Work instruction:
A verbatim reproduction of the lines below, from the line containing "Used 2023 Toyota Highlander XLE image 34" through the line containing "oldhairybastard online show", both ends included, is the whole required output.

Input material:

• • • • •

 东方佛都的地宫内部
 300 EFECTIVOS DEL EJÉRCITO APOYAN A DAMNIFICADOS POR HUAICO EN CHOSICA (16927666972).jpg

• • • • •

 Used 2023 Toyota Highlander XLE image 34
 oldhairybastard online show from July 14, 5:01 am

• • • • •

Task output:
 Used 2023 Toyota Highlander XLE image 34
 oldhairybastard online show from July 14, 5:01 am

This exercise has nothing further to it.